No, established law firms have a few mature joiners every cycle and they all get paid the same as other trainees. Also struggling to see how a job as a doctor will help you as a lawyer, unless you were negotiating supply contracts for your hospital or something along those lines

(106)(8)

v stressed

Given that most doctors seem to lack empathy and understanding, I’d say they would be a perfect fit in the modern legal profession.

(75)(38)

Lol

Haha right thanks for this one fresher

(30)(7)

Anon1

Would be helpful to those working in clinical negligence.

(15)(4)

Doctor Who?

With that sense of entitlement you’ll be right at home in a career in law!

(99)(11)

Anon

It’s doubtful that the question will put your training contract offer at risk; this is firm dependant.

I think you give most firms more credit than is due. They are not that forward thinking. They do not think “this doctor is going to beat all targets and attract substantial new business so we better keep him happy”. They simply think, great, someone that might be able to work harder than other trainees sooner.

With that said, I had a career change to the law and I am quickly moving through the professional ranks and gain more exposure than others at my level. I expect that is due to the transferable skills. This is where your past career will assist you. Not at the start.

(48)(3)

Soz

Hate to burst your bubble but there are career changer trainees who come from banking or previously ran their own businesses. Both of those would be more desirable than a doctor and they still get paid the same as a trainee.

How does previously being a doctor mean you’re more valuable than other trainees?
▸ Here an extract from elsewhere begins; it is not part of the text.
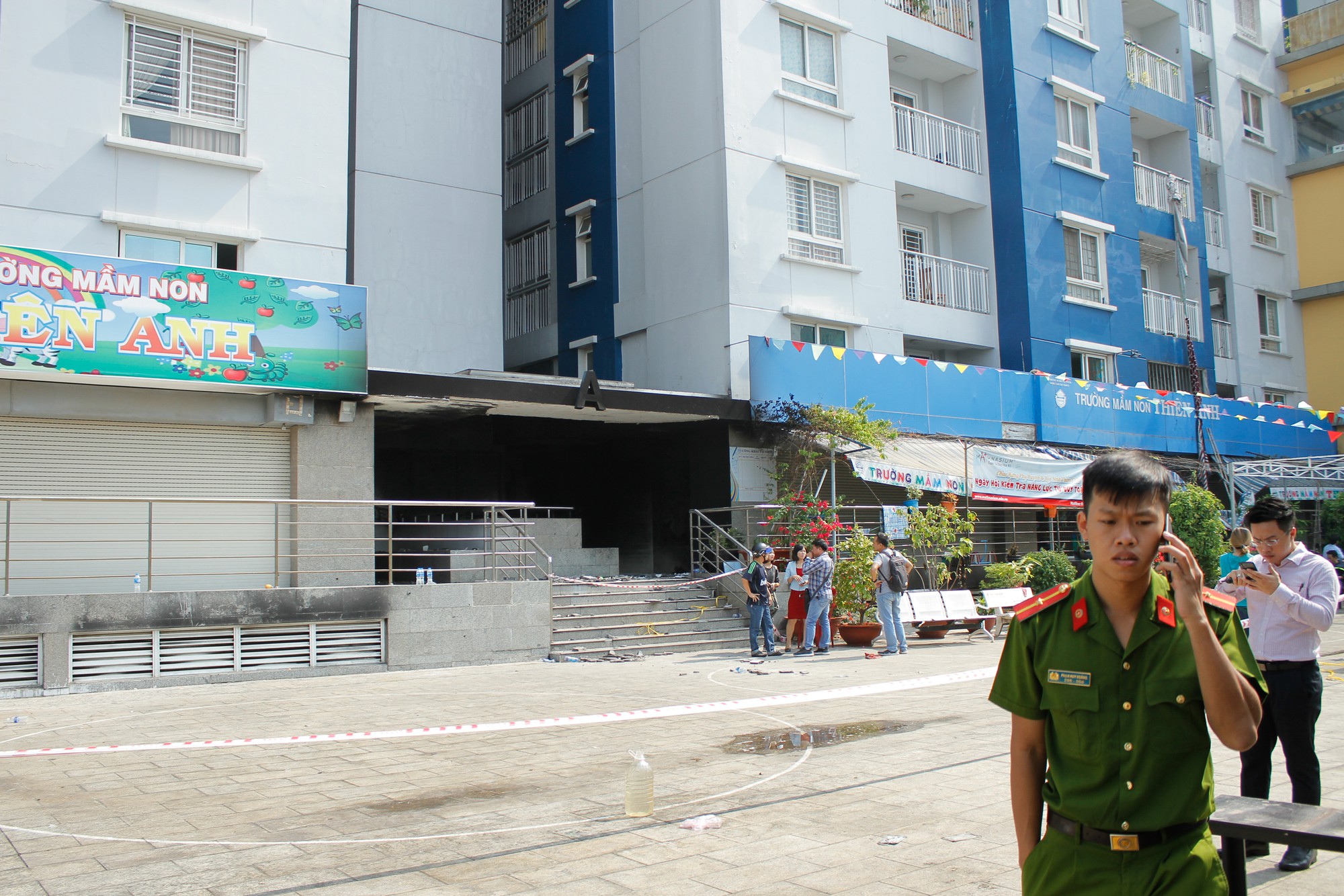 Ám ảnh những chiếc thang dây cháy đen, chăn và rèm cửa lủng lẳng tại hiện trường vụ cháy khiến 13 người thiệt mạng ở Sài Gòn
With bankers / business folk – they’ve already worked in financial environments, navigated contracts and likely worked with solicitors …

(57)(2)

City Trainee

Agreed. I left a different City job and took a substantial pay cut to become a trainee. Salary negotiation never even came to my mind and that was before you factored in I had previously instructed/worked with partners regularly, and done most of the skills for the role before.

(26)(0)

No

Lol, to put it bluntly no. You are a “trainee” for a reason. No harm in asking though.

(28)(0)

The typical answer: it depends

Of course you can attempt to negotiate your offer, but it entirely depends on the type of firm you are applying to.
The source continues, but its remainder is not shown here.